A menos que aumentemos la concienciación de la gente sobre la importancia de tener

tiempo personal (extender el tiempo sobre el que se toman las decisiones), la única fuente de información para la persona son los resultados de sus esfuerzos de sobrevivencia. En la práctica, esto significa que la gente necesita una razón sólida (como una meta concreta y fuerte, que necesita la introducción del un cambio para lograrse, o por lo menos no ser interrumpida), para justificar los riesgos (ventajas y desventajas) de cambiar su actual comportamiento y de introducir modificaciones en la dinámica de sus actuales relaciones humanas. No basta sólo con decirle a la gente: “Haga esto para vivir más.” Debemos ayudar a la gente a valorar su vida, porque sólo así la protegerán.

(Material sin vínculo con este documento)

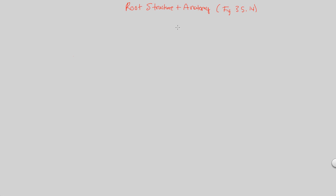There are going to be lots of terms in this flowchart, about seven different structures and anatomical features of a root you should understand. 35.14 summarizes that pretty well. So let's begin. There are going to be seven terms to understand.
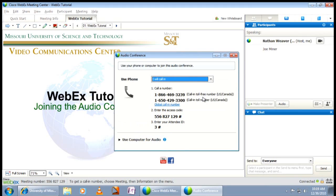You will now see three steps to follow in order to enter the conference. The first step is to call one of the following numbers: Toll Free, Toll, or click the option to see Global Call In Numbers. After calling one of the numbers in Step 1, you'll be asked to enter your access code, which is listed in Step 2. Enter the access code and press the pound sign.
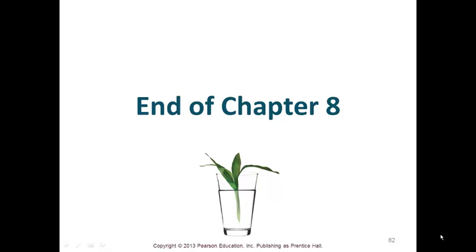That's the end of chapter eight. There's a lot in this chapter, so hopefully this gave you enough to attempt your homework. If you have any questions, let me know. Thank you.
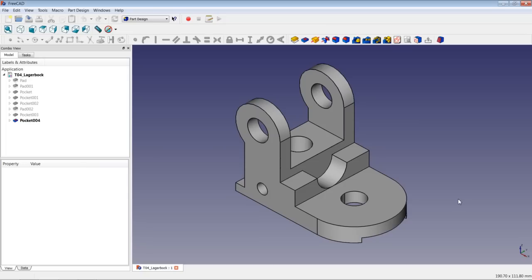Hello and welcome to another video tutorial about FreeCAD. In this video tutorial we will model a viewing bracket shown on the screen. We will use the part design workbench and do more lessons in setting up sketches and constraining them, and using the pad and pocket operations with the different available options.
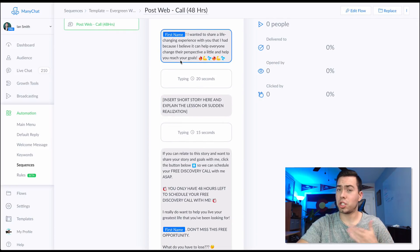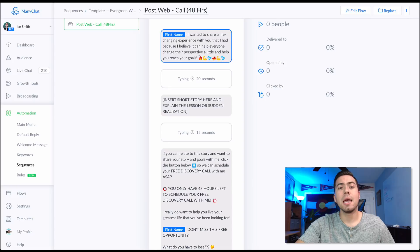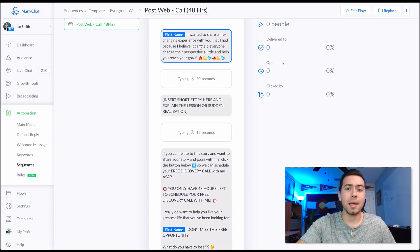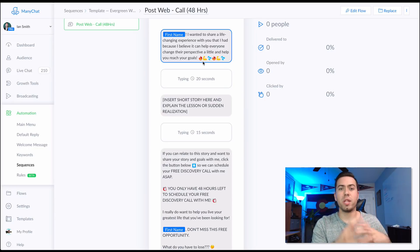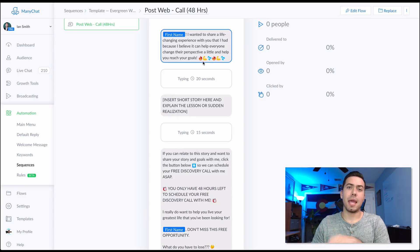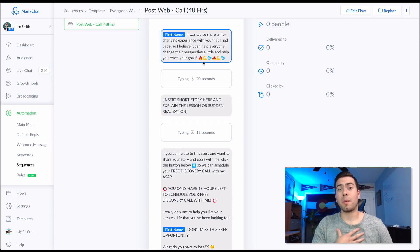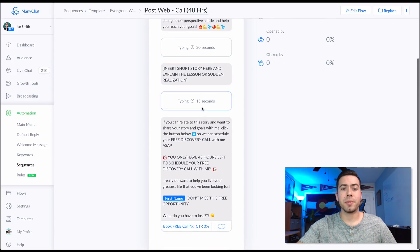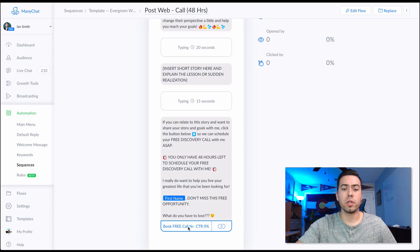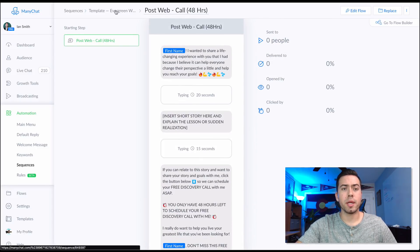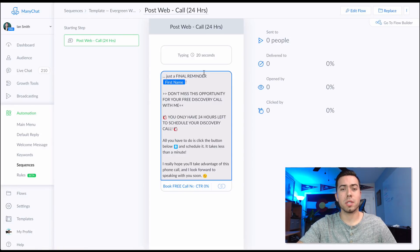Then comes the 48-hour call reminder. Instead of jumping straight to it, you provide a little value first — saying something like: 'I wanted to share a life-changing experience with you.' You can add a short story or social proof about a client transformation or your own transformation story. Then remind them: 'You only have 48 hours left to book this call,' and link them over to your call-booking software.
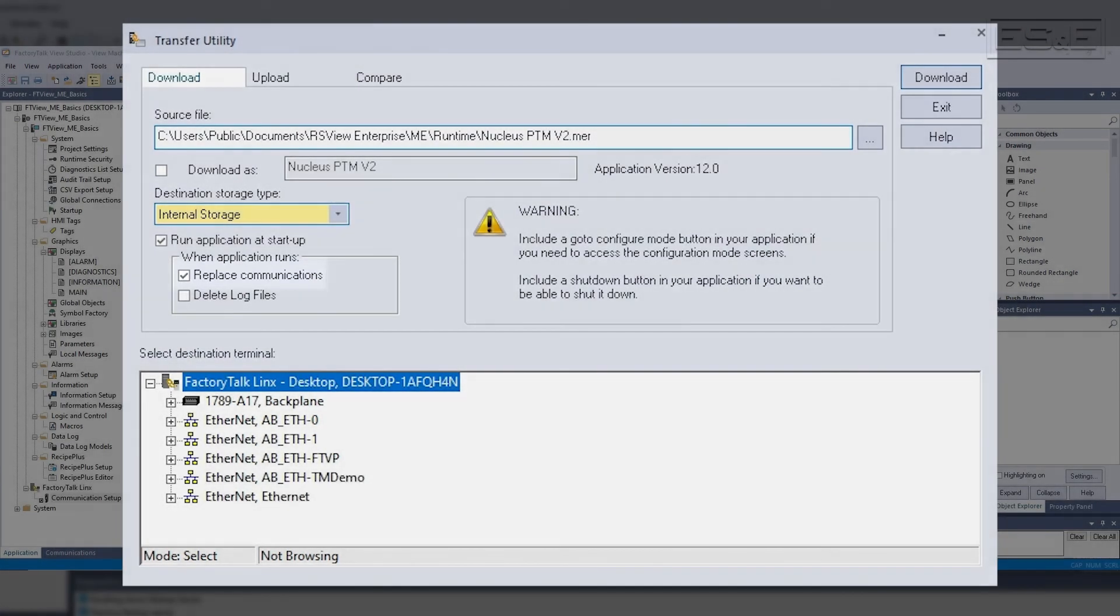The Transfer Utility is also its own standalone application, so you do not need to load FactoryTalk View Studio when trying to transfer runtime files. If you have any questions, please contact your local ES&E Account Manager or Automation Specialist.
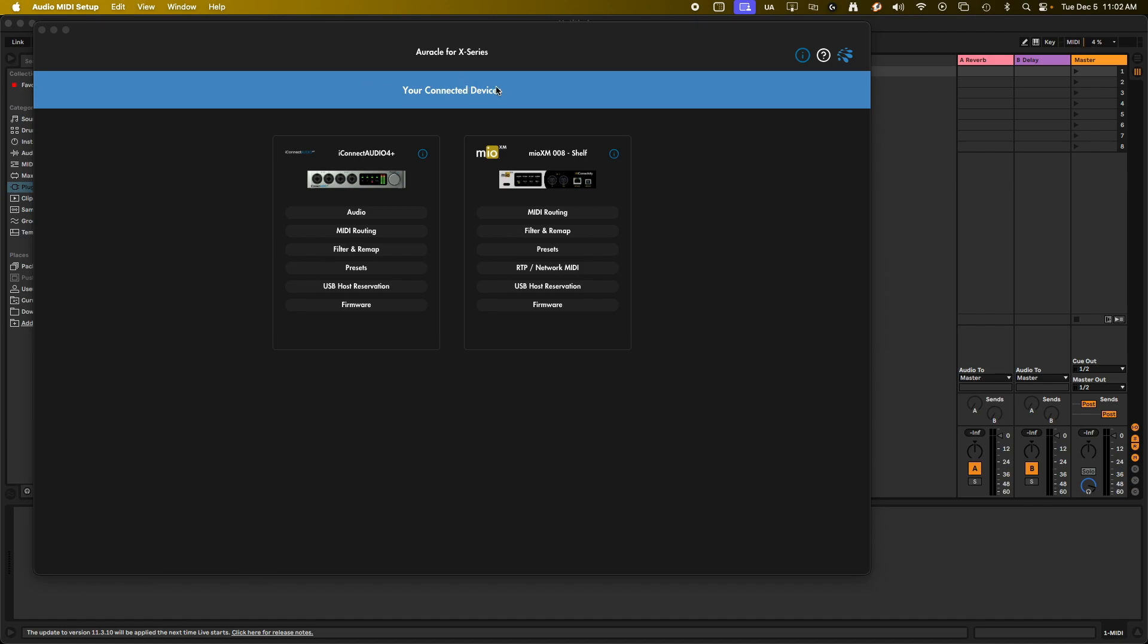There's two ways to do this. I'm going to show you first over RTP MIDI in this video, and then I'll also do another video on how to do it over USB with Mio XM. So let's jump into it.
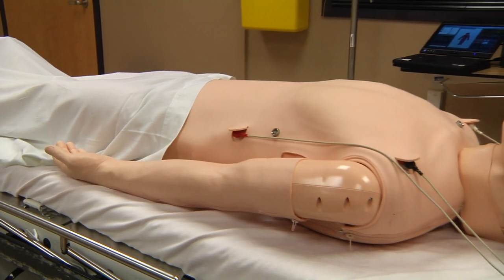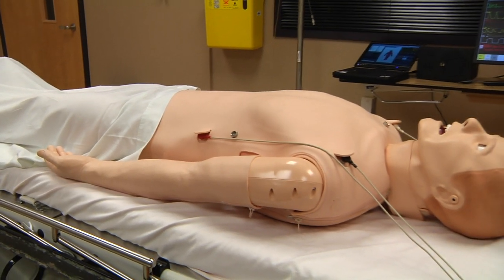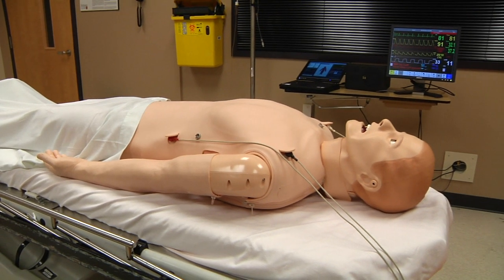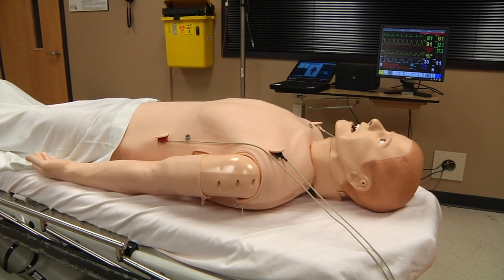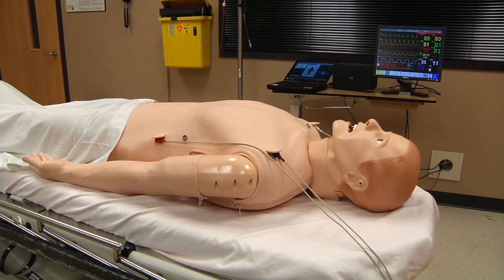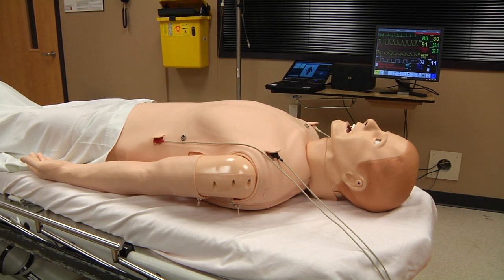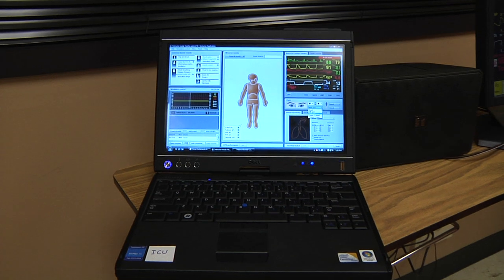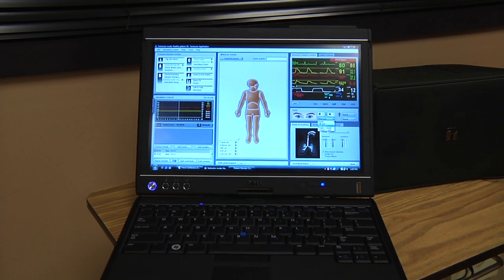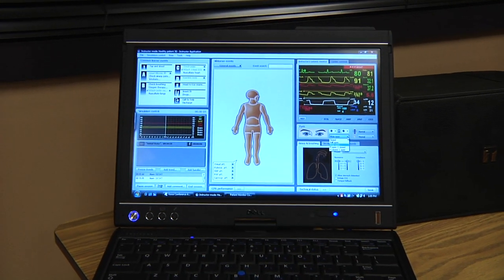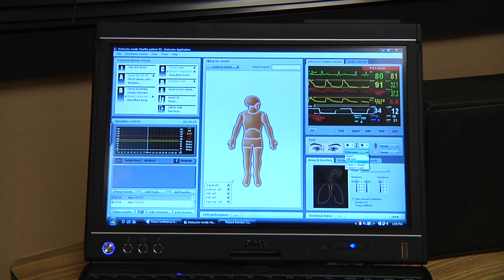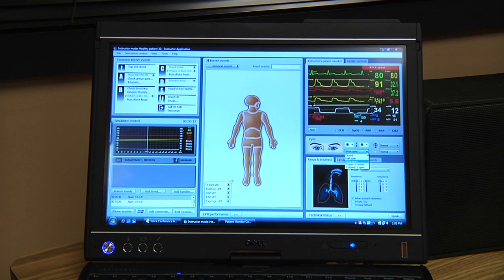SimMan 3G is a computer controlled, full body adult mannequin with realistic anatomical landmarks that can simulate a wide variety of life-like physical findings. While the simulator is able to detect certain medical interventions, its capacity to respond is limited and instead relies on a simulator operator to drive the appropriate underlying physiologic changes.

Nosotros usamos métodos mediante los cuales la gente toma conciencia de sus metas a largo plazo (5 años, dependiendo de la situación del individuo) para el futuro, a las que denominamos Futuro Soñado, al cual se le va dando energía emocional mediante un proceso simple.
Nosotros opinamos que la vida sólo se protege y se respeta cuando se reconoce su valor. Adicionalmente, la vida de una persona (mi vida) es valorada sólo cuando y mientras esas vida vaya hacia algo deseable, placentero y pleno. Eso es lo que hemos descubierto que, cuando hacemos el método del Futuro Soñado, antes de brindar educación y concienciación en VIH/ SIDA y antes de enseñar métodos para aumentar las inmunidad a personas ya infectadas. Comenzamos con el para qué, y explicamos que todo se hace porque hay un mejor futuro, y si alguien dice que “no hay futuro”, preguntamos cuántas veces se han rendido y cuántas veces están dispuestos a cambiar... hacia esa condiciones mejores. Porque el esfuerzo hacia ese Futuro Deseado, sólo se hace cuando la gente le encuentra sentido.
Lo primero que hacemos con las personas que viven con el VIH/ SIDA, es enseñarles que hay un futuro y que cada uno puede y debe hacer mucho para alcanzarlo. También enseñamos formas de trabajar con otras personas para lograr ese Futuro Deseable. Todo esto ese esencial porque, como sucede con el cáncer, con el diagnóstico de VIH/ SIDA el impacto inicial es muy fuerte. Para muchas personas con diagnóstico positivo, lo primero que muere es la idea de un futuro. Entonces, lo que tenemos que hacer para prolongar la vida del cuerpo, es fortalecer la noción de futuro, pero no un futuro vacío, sino un Futuro Deseable, con calidad de vida y dignidad.
En este sentido, con frecuencia se cree que las personas infectadas harían cualquier cosa por mantenerse saludable, pero no es así: hay gente infectada que cree que ya no vale la pena cuidar la salud. La misma línea de comportamiento se sigue respecto a la prueba del VIH/ SIDA: Hay gente que se pregunta ¿Qué voy a ganar si me hago la prueba (sólo aumentará mi ansiedad)? ¿Si no tengo una razón de valor, por ejemplo, mejorar mi de calidad de vida, para qué me hago la prueba?